Knowing the answer to these questions is important. There are two ways to find the answer: contemplation or reacting to an emergency – which is often a ‘wake-up’ call – something so abrupt it makes us take stock of ourselves and answer the hard questions.

If you are not in the habit of seeking feedback, you might be surprised by negative feedback when it is given. Over the course of a 45-year career, a wakeup call seems to be inevitable if we don’t seek feedback. I’m not sure it happens to everyone, but I bet it happens to a lot of us. We don’t like it because it is so abrupt and messes with our plan.

If I asked if you are overwhelmed and have too many things to do, what would you say? Most people I know have too many personal and professional things to do. When we are in survival mode, we don’t learn as much as we could because we save our energy for solving problems and making decisions. Business leaders today are overwhelmed with problems and decisions. The complexity of running a business is huge. So, when it comes to learning for learning’s sake, we don’t excel.
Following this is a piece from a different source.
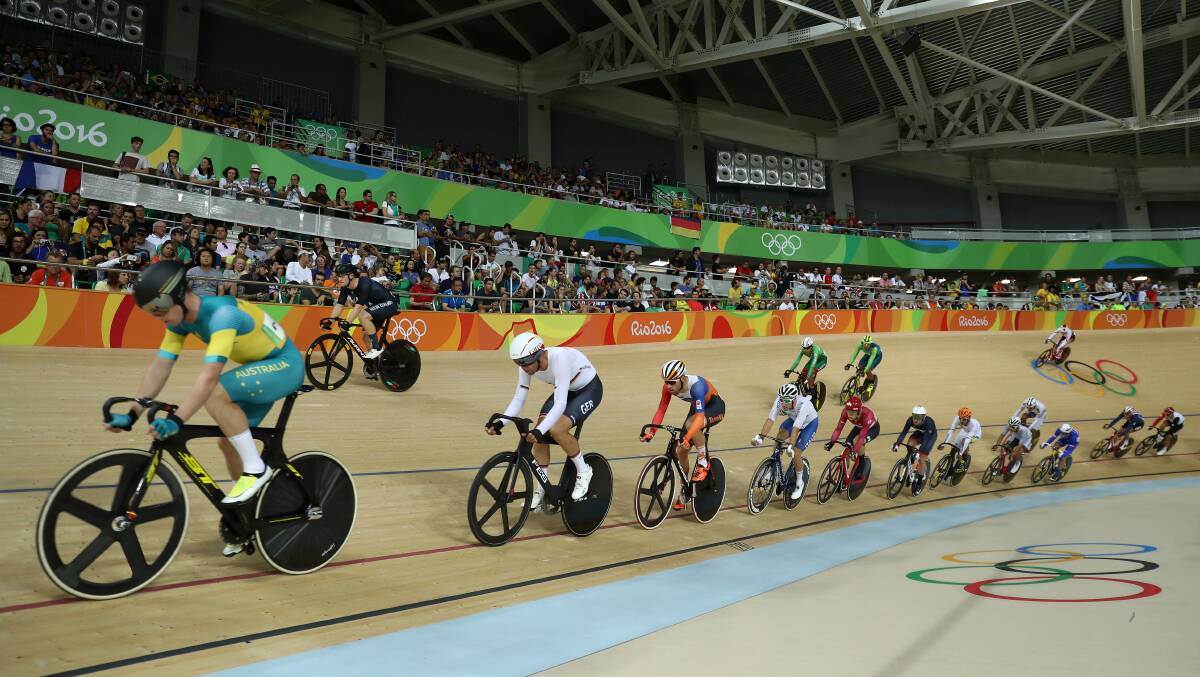 Glenn O'Shea leads the field during the scratch race in the omnium. Picture: GETTY IMAGES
But, when we have a problem to solve, we can ignite the learner from within.

Adults as compared with children are poor learners until they have a problem to solve. So, the wake-up call is a wonderful gift that enables us to get into action and learn as fast as possible and as deep as possible.
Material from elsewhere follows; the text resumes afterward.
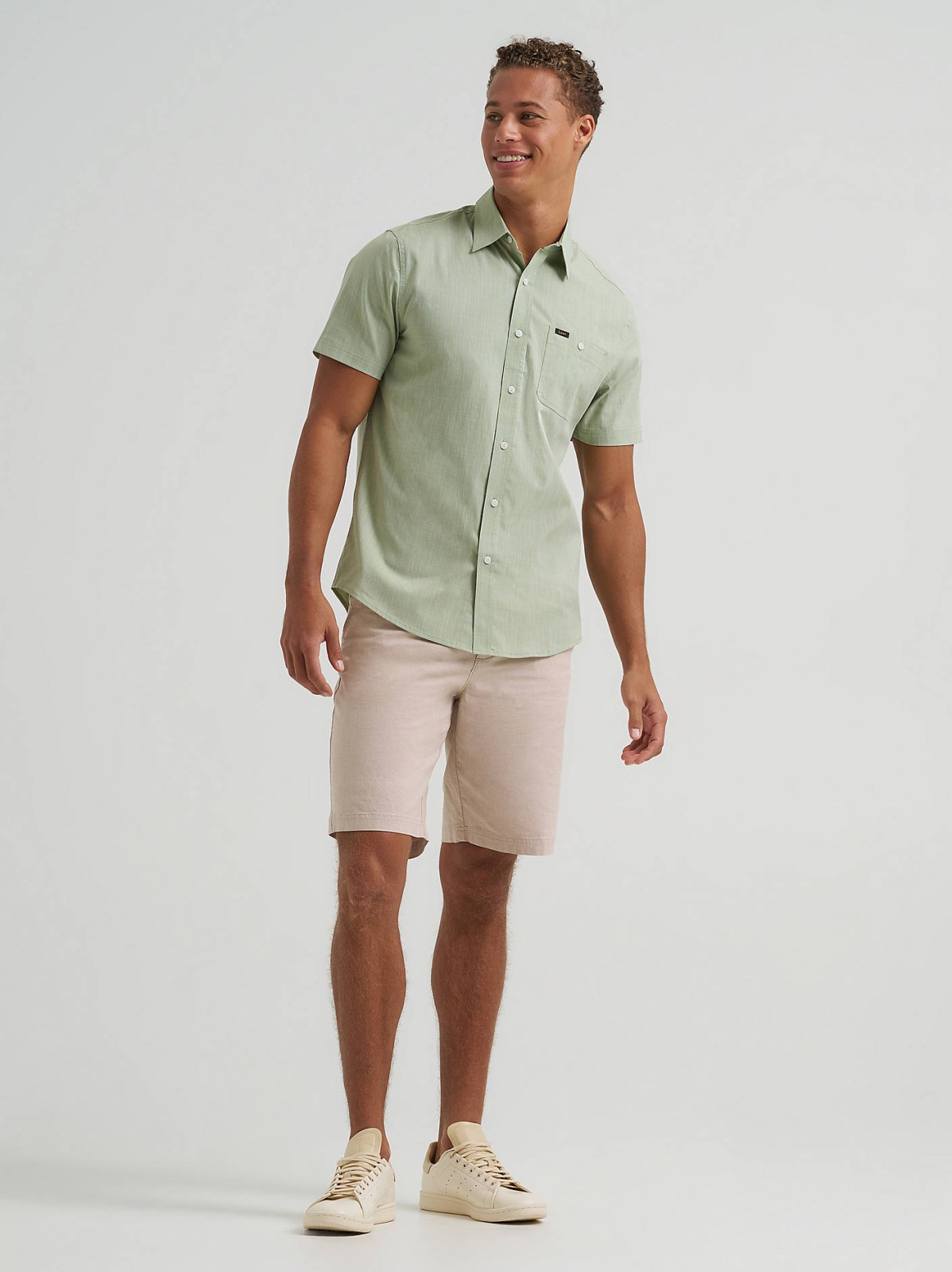 Men's One Pocket Slub Chambray Button Down Shirt - view 4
Another way to think about wake-up calls is what Dr. Maria Montessori called a “sensitive period.” These times are windows of opportunity when a child can learn specific concepts more easily and naturally than at any other time. Reading, for instance, is a time when children enter a natural sensitive period, and when teachers and parents notice this sensitive period, they can help the child learn rapidly. From my perspective, a wake-up call is the adult version of a sensitive period. But, in this case, the reason to learn is less because a child’s brain is ready and more about the burning desire to learn something. To become an outstanding leader, we must have that burning desire to transform ourselves. I have seen it happen many times, and when it works, the leader becomes much like the child who learns in a fashion that seems effortless.
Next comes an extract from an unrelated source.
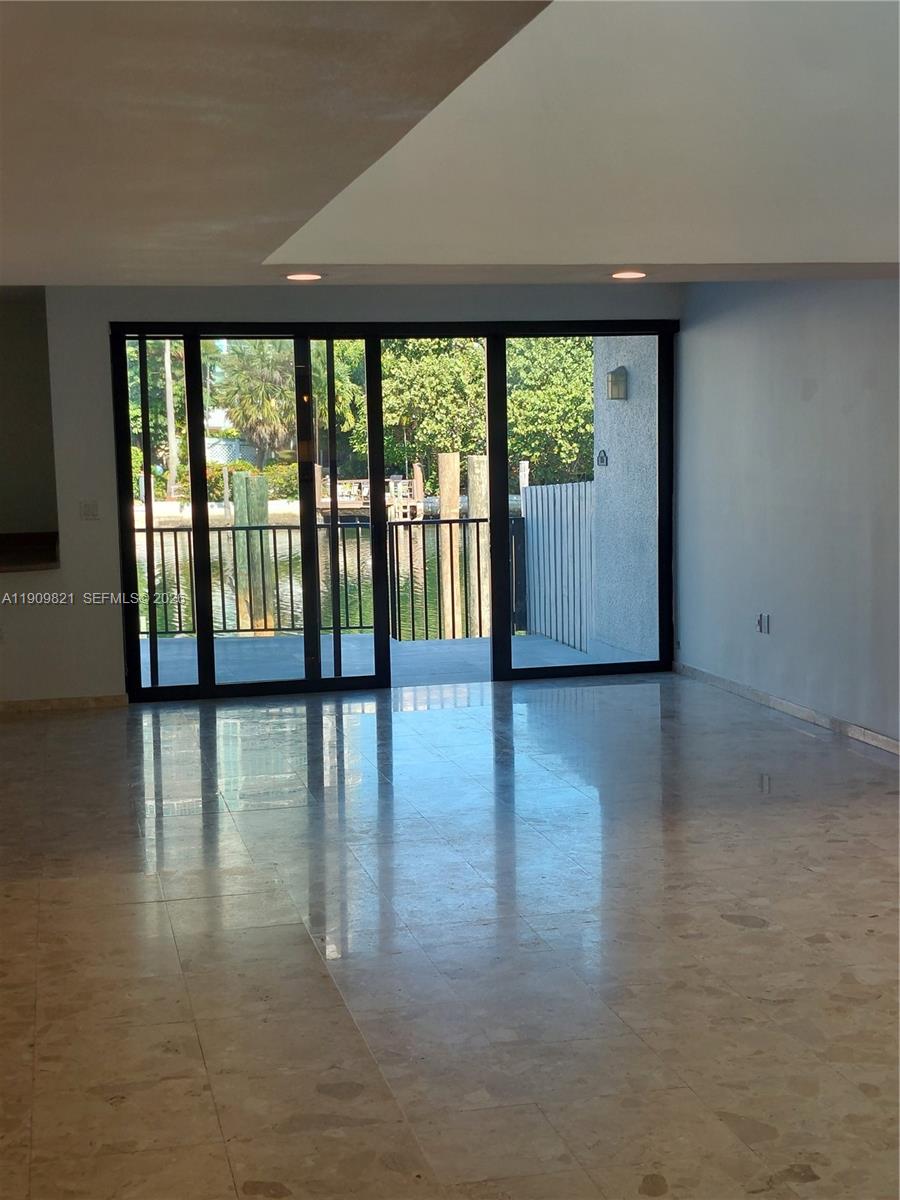 POINCIANA IS YT & RCQ CLU - Residential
I have had a couple of wake-up calls in my life, and one of the things I noticed is that if you don’t learn from them, they seem to repeat. The last wake-up call I experienced, I should have seen coming, but I was ‘blinded’ by my judgment of my peers and boss. In my mind, they became the only reason my problems existed.

My boss said to me at the end of the meeting (without having provided any indication that there was a problem), that things were not working out and that I should start thinking about leaving. Total shock and surprise! I knew things were challenging, but as an executive, most of us have challenges working with our peers. I had not gotten along well with my peers because I wasn’t willing to back down on the big organizational changes I was hoping to create. I didn’t realize how bad it had gotten and thought the CEO was going to give me support.

Wake-up calls happen repeatedly until we address them. I wondered how I missed the CEO’s agenda, again? He was not like any CEO I worked for, because he had never been a CEO before.He was just trying to stay out of the way of the strong-minded COOs who were running the company. All he wanted me to do was stop aggravating them and get along with them. He wasn’t going to get in their way, and he wanted me to stop challenging them. In other words, he was not going to support the new programs I wanted to introduce unless they would support the other COOs. What I heard was: “Stop pissing them off and do what they want you to do or leave the company.” Whoa! That was a huge wake-up call, and it completely surprised me.

Improving leadership effectiveness starts with leading yourself better. If you can’t lead yourself effectively, you can’t lead others. Starting the process without deeply contemplating how your life will be better when you become an outstanding leader is an error. You will need tremendous motivation to begin the process of developing your leadership ability. Start by contemplating what your life will be like when you can lead yourself and others with excellence.